=== Records supplied ===
☆ ☆ ☆
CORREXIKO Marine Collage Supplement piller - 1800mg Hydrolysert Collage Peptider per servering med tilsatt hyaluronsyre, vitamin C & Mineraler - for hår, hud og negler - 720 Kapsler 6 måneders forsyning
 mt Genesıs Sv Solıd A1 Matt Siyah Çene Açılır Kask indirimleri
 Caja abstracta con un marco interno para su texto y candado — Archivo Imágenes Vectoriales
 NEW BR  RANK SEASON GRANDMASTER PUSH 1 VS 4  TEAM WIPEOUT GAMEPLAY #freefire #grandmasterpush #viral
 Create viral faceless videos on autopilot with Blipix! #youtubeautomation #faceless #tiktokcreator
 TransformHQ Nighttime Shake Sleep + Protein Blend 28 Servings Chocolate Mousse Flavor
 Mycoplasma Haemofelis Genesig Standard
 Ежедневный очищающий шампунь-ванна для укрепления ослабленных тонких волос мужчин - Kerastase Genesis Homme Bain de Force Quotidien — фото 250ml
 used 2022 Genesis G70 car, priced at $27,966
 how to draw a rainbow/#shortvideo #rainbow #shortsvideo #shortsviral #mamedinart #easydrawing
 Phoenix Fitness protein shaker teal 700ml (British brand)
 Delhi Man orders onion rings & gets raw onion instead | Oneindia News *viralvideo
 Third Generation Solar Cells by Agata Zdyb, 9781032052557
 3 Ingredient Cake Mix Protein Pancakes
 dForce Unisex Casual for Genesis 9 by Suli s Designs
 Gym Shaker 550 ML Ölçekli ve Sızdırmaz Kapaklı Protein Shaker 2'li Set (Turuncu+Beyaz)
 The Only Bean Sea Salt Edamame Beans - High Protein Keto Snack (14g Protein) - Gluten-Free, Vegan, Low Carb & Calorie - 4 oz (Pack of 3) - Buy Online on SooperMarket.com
☆ ☆ ☆
Find where the line with "used 2022 Genesis G70 car, priced at $27,966" sits in the material above, then copy exactly from it through the line with "Gym Shaker 550". Add no other line.

 used 2022 Genesis G70 car, priced at $27,966
 how to draw a rainbow/#shortvideo #rainbow #shortsvideo #shortsviral #mamedinart #easydrawing
 Phoenix Fitness protein shaker teal 700ml (British brand)
 Delhi Man orders onion rings & gets raw onion instead | Oneindia News *viralvideo
 Third Generation Solar Cells by Agata Zdyb, 9781032052557
 3 Ingredient Cake Mix Protein Pancakes
 dForce Unisex Casual for Genesis 9 by Suli s Designs
 Gym Shaker 550 ML Ölçekli ve Sızdırmaz Kapaklı Protein Shaker 2'li Set (Turuncu+Beyaz)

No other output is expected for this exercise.